McFarland sailed for the South Pacific 2 June 1942. She arrived at Noumea on 16 June and within a month she made her first contact with an enemy submarine in Bulari Pass, 15 July. In August, as the Guadalcanal offensive neared, she assumed tender duties in the Espiritu Santo - Santa Cruz Islands area. Assigned to keeping the supply lines open, McFarland carried supplies to the embattled island and evacuated wounded marine personnel while the planes she tendered performed scouting and fighting missions.

On 16 October, McFarland was unloading cargo and embarking wounded personnel in Lunga Roads when she was attacked by nine dive bombers. While the first seven scored no hits, the eighth hit a gasoline barge in tow alongside the tender's starboard quarter. The blazing barge was cut loose as the ninth plane made its run. At least one bomb hit McFarlands stern, knocking out her rudder and steering engine. Her crew shot down one plane, but lost eleven of its members in the fight; five killed, six missing, with an additional 12 critically wounded. For this action, the ship was awarded the first ever US Navy Presidential Unit Citation.
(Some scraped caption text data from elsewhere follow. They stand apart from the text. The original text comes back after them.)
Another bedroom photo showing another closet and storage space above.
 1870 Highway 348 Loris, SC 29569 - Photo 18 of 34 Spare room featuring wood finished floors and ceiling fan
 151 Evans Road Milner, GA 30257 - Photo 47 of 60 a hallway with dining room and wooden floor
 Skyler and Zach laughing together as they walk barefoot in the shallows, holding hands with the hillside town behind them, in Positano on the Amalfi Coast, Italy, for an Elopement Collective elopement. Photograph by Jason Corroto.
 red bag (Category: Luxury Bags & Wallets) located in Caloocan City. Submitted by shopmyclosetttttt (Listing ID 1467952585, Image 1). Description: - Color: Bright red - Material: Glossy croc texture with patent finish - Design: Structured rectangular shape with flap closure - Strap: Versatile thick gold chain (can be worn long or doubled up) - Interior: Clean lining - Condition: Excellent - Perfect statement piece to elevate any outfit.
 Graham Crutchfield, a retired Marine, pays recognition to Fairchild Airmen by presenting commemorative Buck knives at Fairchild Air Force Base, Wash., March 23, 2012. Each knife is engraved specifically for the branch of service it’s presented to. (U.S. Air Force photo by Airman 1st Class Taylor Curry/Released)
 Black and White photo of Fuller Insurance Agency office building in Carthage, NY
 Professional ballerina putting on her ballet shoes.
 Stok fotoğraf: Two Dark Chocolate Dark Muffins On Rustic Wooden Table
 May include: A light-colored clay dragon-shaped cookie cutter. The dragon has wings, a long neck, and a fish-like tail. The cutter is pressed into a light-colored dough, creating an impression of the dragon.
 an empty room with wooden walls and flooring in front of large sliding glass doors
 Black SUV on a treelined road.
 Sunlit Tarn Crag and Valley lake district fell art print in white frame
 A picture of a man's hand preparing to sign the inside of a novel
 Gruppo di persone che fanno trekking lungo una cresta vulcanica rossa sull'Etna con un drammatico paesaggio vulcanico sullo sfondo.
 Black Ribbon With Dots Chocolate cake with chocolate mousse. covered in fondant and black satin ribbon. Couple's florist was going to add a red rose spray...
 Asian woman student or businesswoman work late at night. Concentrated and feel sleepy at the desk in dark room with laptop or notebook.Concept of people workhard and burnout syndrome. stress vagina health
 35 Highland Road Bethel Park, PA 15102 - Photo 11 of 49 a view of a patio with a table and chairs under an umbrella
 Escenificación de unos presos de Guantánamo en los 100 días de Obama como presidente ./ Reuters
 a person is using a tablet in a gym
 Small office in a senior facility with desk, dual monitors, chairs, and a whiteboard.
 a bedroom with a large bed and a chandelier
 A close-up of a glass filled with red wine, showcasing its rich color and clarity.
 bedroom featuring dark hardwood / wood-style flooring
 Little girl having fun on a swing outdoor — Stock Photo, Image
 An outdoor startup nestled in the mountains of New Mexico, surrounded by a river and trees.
McFarland was towed to Florida Island, where she moored to the beach in the upper channel (later called McFarland Channel) of Tulagi harbor. She completed makeshift repairs to her hull by 26 November and sailed to Espiritu Santo, where further repairs increased her seaworthiness. On 17 December she began to make her way back to Pearl Harbor, arriving on 29 December.

Repairs completed by 17 April 1943, McFarland sailed for the west coast. Redesignated DD-237 on 1 December 1943, and homeported at San Diego, California for the remainder of the war, she operated with aircraft carriers as they conducted training exercises and pilot qualification landings. On 30 September 1945, she sailed for the east coast.

Decommissioned at Philadelphia on 8 November 1945, she was struck from the Navy Register on 19 December. Her hulk was sold for scrap on 29 October 1946 to the North American Smelting Company, Philadelphia.

==Awards==
McFarland received two battle stars for her World War II service.